What is needed ->
What you output must match, exactly, the lines from the start of the records to the line containing "927 Westline Avenue Gallery 6", both ends kept and pictures excluded.

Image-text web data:
⁂
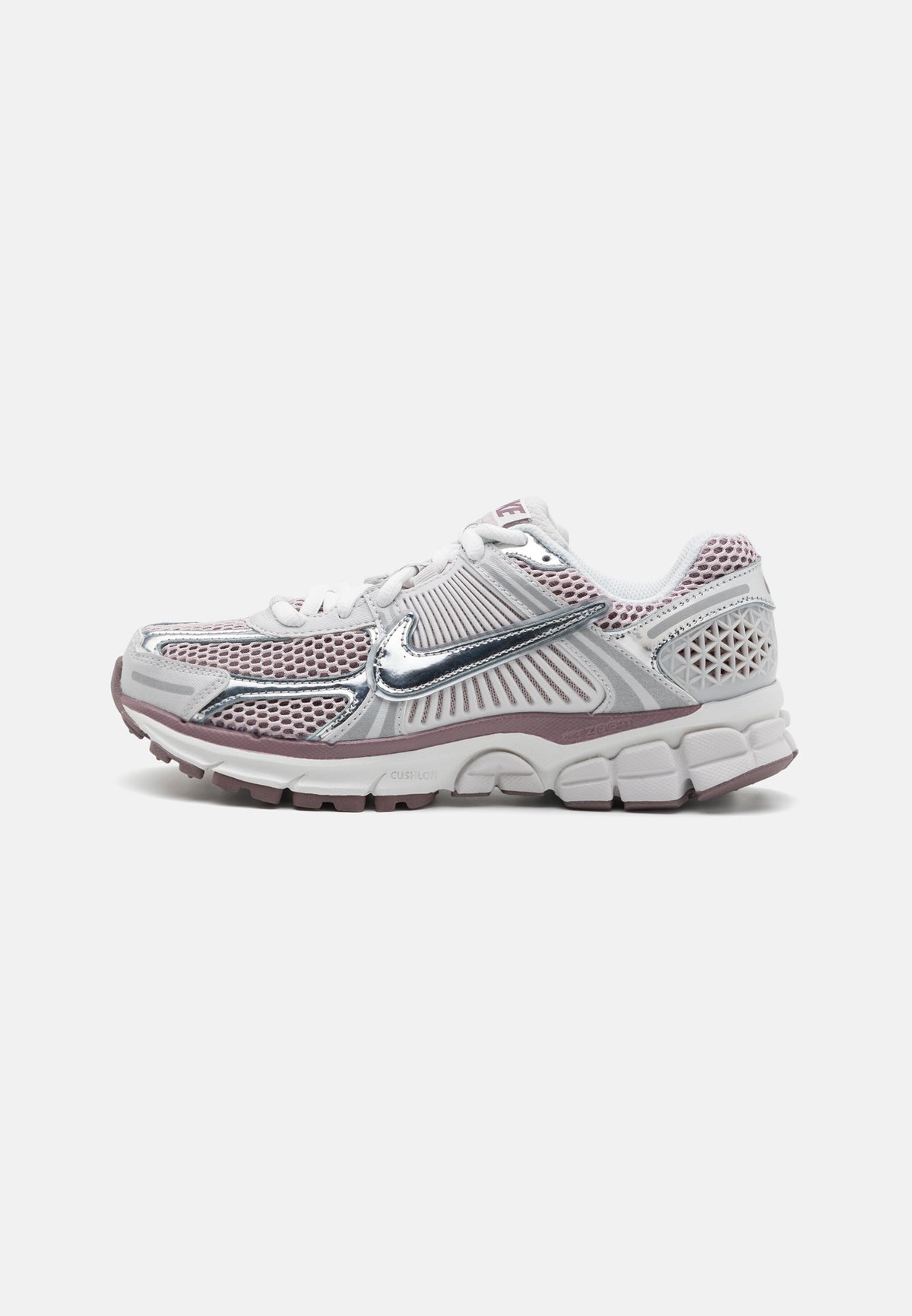 Nike Zoom Vomero 5 - Vast Grey/Metallic Silver/Platinum Violet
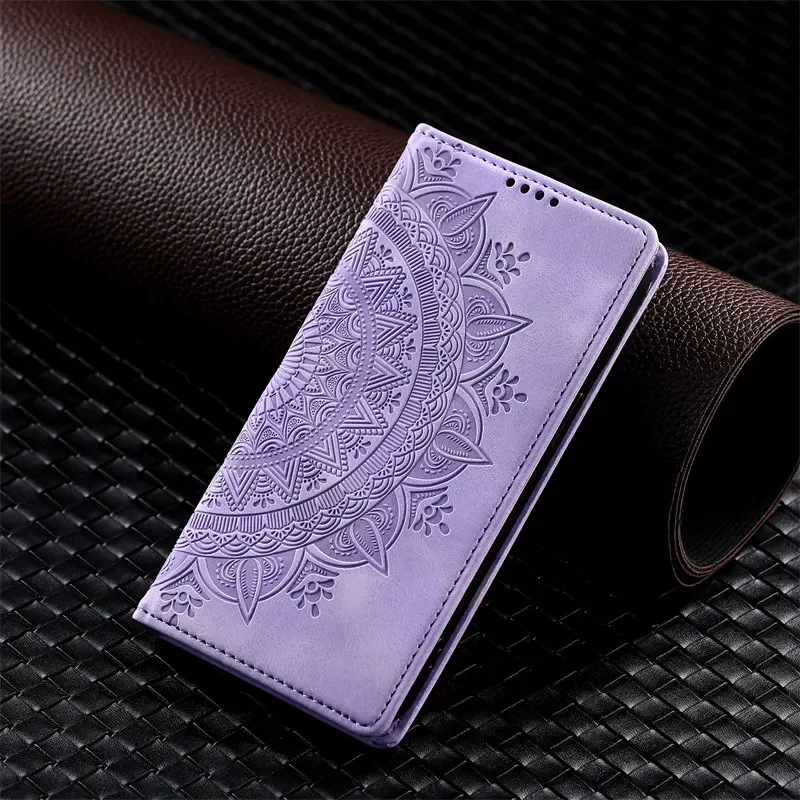 coque-de-telephone-redmi-violette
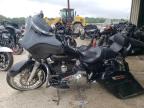 2014 Harley-Davidson Flhxs Street Glide Special იყიდება Seaford-ში, DE - Front End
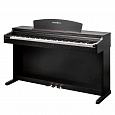 KURZWEIL M115 SR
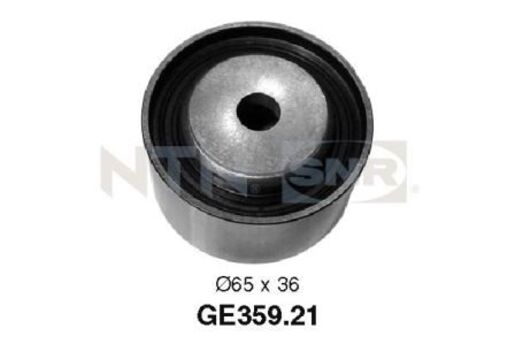 Pulegge GE359.21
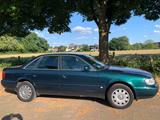 Audi A6 2.6 - - gebrauchte Audi A6 aus dem Jahr 1995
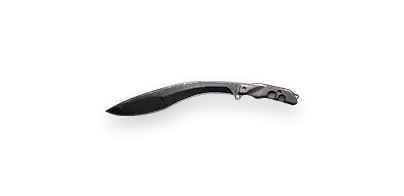 Kukri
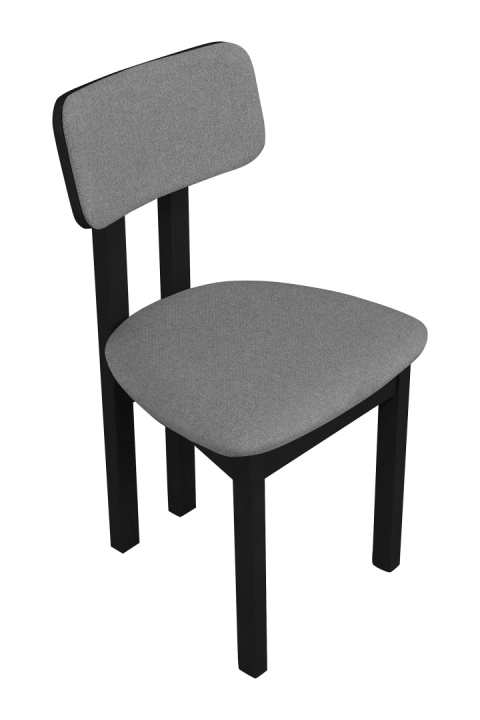 Solidne krzesło Divo 4, wybór kolorystyki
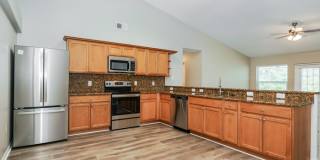 927 Westline Avenue Gallery 6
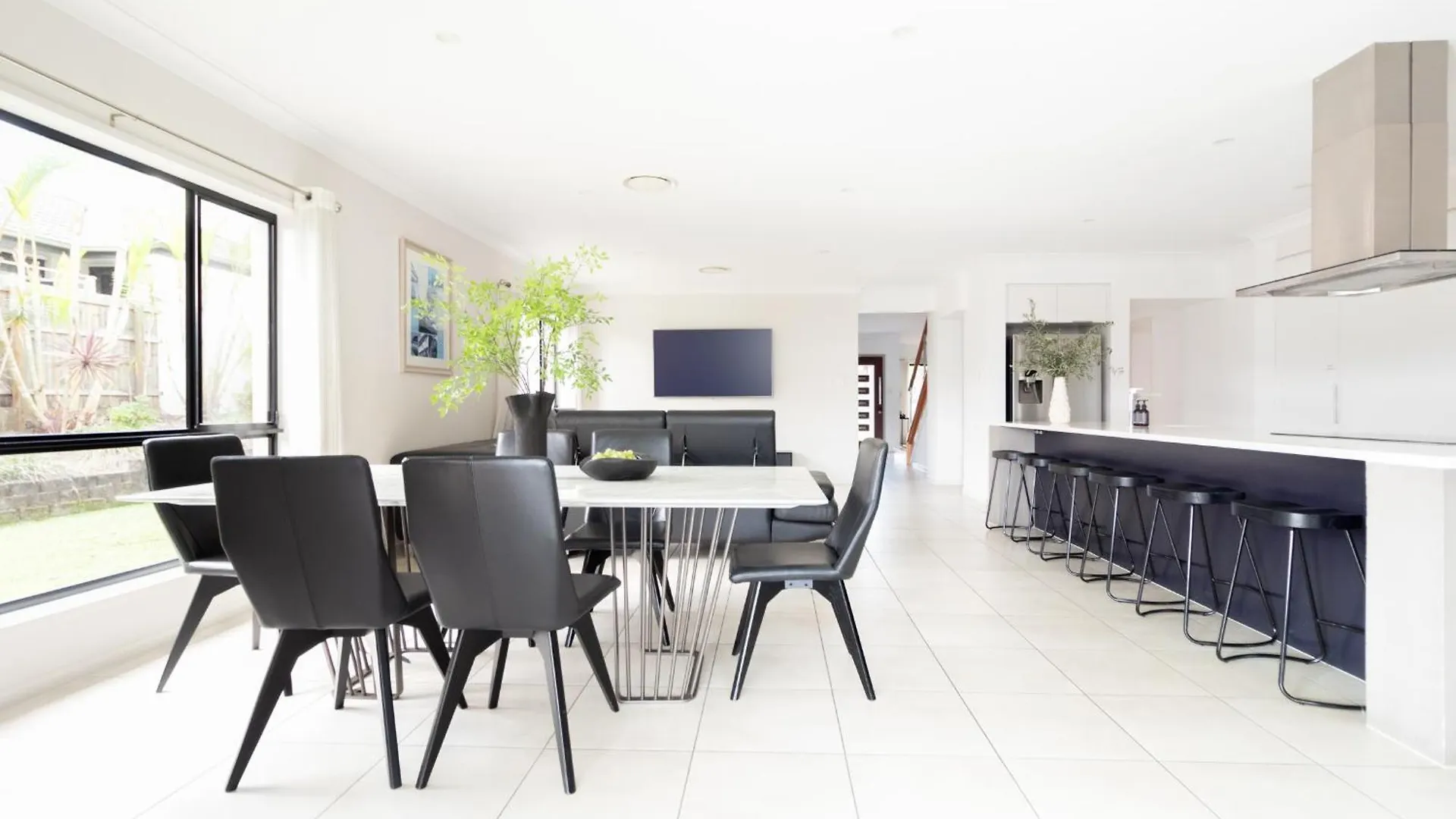 Luxury Spacious 5 Bedroom Family Modern Villa Sleeps 10 Waterford 0*,  Australia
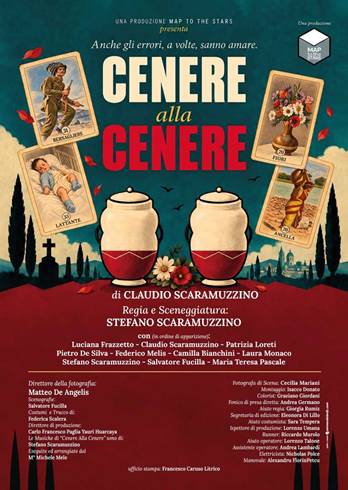 Note di regia di 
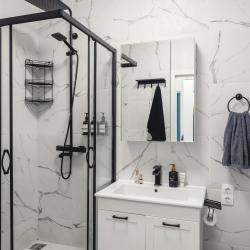 Фото Отель Eliza Home на улице Плесецкая 10
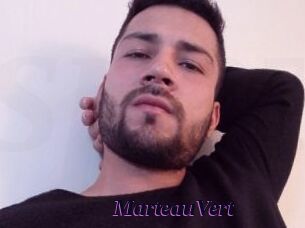 MarteauVert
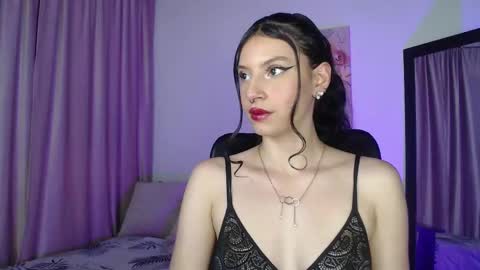 lia online show from March 2025 12:33:02 PM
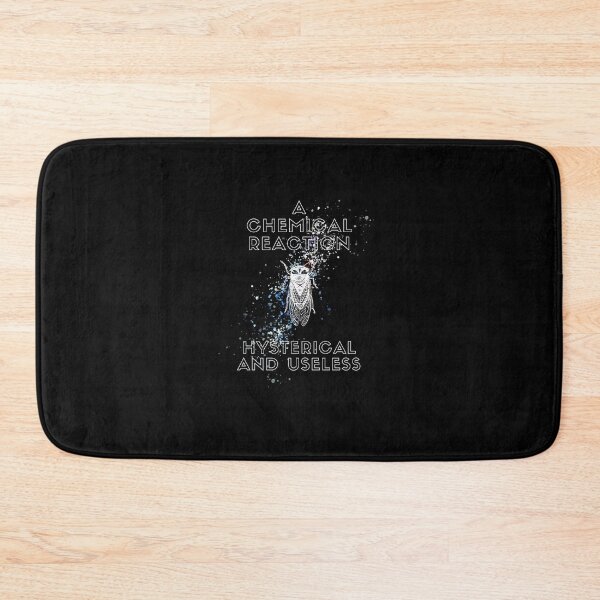 Item preview, i am gonna grow wings designed and sold by wilhelmmontes.
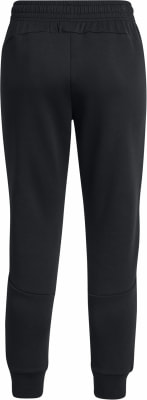 Under Armour Unstopable Jogginghose Under Armour Unstopable Jogginghose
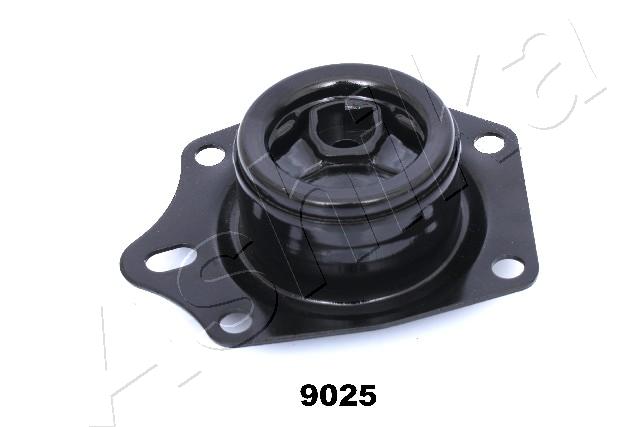 Подвеска, двигатель - GOM-9025 ASHIKA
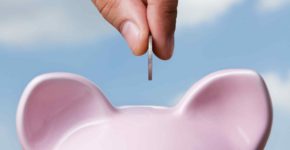 corsa al risparmio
⁂
Exercise response ->
 Nike Zoom Vomero 5 - Vast Grey/Metallic Silver/Platinum Violet
 coque-de-telephone-redmi-violette
 2014 Harley-Davidson Flhxs Street Glide Special იყიდება Seaford-ში, DE - Front End
 KURZWEIL M115 SR
 Pulegge GE359.21
 Audi A6 2.6 - - gebrauchte Audi A6 aus dem Jahr 1995
 Kukri
 Solidne krzesło Divo 4, wybór kolorystyki
 927 Westline Avenue Gallery 6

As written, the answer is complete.